LiteRT CompiledModel Python API

The LiteRT CompiledModel API is available in Python, offering a high-level interface for compiling and running TFLite models with the LiteRT runtime.

The following guide shows basic CPU inference with the CompiledModel Python API.

Install the pip package

Install the LiteRT pip package in your Python environment:

pip install ai-edge-litert

Basic inference

Create CompiledModel

Create a compiled model from a .tflite file. The current Python wrapper compiles for CPU by default.

from ai_edge_litert.compiled_model import CompiledModel

model = CompiledModel.from_file("mymodel.tflite")

You can also create a compiled model from an in-memory buffer:

from ai_edge_litert.compiled_model import CompiledModel

with open("mymodel.tflite", "rb") as f:
  model = CompiledModel.from_buffer(f.read())

Create Input and Output Buffers

Create the necessary data structures (buffers) to hold the input data that you will feed into the model for inference, and the output data that the model produces after running inference.

signature_index = 0
input_buffers = model.create_input_buffers(signature_index)
output_buffers = model.create_output_buffers(signature_index)

The signature_index value of 0 selects the first signature in the model.

If you are using CPU memory, fill the inputs by writing NumPy arrays directly into the input buffers.

import numpy as np

input_data = np.array([[1.0, 2.0, 3.0, 4.0]], dtype=np.float32)
input_buffers[0].write(input_data)

Invoke the model

Providing the input and output buffers, run the model.

model.run_by_index(signature_index, input_buffers, output_buffers)

Retrieve Outputs

Retrieve outputs by directly reading the model output from memory.

import numpy as np

# Replace num_elements with the size of your model's output tensor.
num_elements = 4
output_array = output_buffers[0].read(num_elements, np.float32)

Use TensorBuffer

LiteRT provides built-in support for I/O buffer interoperability through the TensorBuffer API, which supports writing NumPy arrays (write) and reading NumPy arrays (read).

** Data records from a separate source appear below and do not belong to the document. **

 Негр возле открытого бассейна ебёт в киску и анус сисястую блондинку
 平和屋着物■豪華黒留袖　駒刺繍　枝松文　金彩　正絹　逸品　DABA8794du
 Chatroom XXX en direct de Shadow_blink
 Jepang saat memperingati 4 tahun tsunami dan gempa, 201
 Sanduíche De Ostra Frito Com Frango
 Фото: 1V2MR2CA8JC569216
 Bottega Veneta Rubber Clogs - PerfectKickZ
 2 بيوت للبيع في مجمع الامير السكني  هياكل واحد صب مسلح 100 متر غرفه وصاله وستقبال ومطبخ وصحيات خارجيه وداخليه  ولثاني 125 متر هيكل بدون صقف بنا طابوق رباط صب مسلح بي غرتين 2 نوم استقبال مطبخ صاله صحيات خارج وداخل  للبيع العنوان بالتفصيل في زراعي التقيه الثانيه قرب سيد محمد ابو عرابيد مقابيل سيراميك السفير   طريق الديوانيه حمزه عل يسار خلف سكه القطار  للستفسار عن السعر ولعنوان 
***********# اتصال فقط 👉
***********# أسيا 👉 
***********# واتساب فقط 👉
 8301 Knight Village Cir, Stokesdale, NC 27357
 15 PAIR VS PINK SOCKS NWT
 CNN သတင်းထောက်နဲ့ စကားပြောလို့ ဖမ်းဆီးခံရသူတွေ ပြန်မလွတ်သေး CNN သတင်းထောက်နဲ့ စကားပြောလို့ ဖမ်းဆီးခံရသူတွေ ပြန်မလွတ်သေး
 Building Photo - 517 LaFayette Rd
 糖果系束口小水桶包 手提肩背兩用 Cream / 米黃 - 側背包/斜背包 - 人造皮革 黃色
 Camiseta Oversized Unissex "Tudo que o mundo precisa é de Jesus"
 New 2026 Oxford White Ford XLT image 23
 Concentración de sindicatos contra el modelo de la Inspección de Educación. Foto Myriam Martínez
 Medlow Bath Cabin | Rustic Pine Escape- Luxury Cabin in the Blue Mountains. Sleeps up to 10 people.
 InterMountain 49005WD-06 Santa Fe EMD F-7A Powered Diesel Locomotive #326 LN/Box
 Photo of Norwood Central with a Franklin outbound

Supported dtypes are np.float32, np.int32, and np.int8.

You can also create a buffer backed by existing host memory:

import numpy as np
from ai_edge_litert.tensor_buffer import TensorBuffer

input_array = np.array([[1.0, 2.0, 3.0, 4.0]], dtype=np.float32)
input_buffer = TensorBuffer.create_from_host_memory(input_array)

To run by signature name, first inspect the model signatures and then supply maps from input/output names to TensorBuffer instances:

from ai_edge_litert.tensor_buffer import TensorBuffer

signatures = model.get_signature_list()
# Example signature structure:
# {"serving_default": {"inputs": ["input_0"], "outputs": ["output_0"]}}

input_buffer = TensorBuffer.create_from_host_memory(input_array)
output_buffer = model.create_output_buffer_by_name("serving_default", "output_0")

model.run_by_name(
  "serving_default",
  {"input_0": input_buffer},
  {"output_0": output_buffer},
)

For a more complete view of how the TensorBuffer API is implemented, see the source code at TensorBuffer.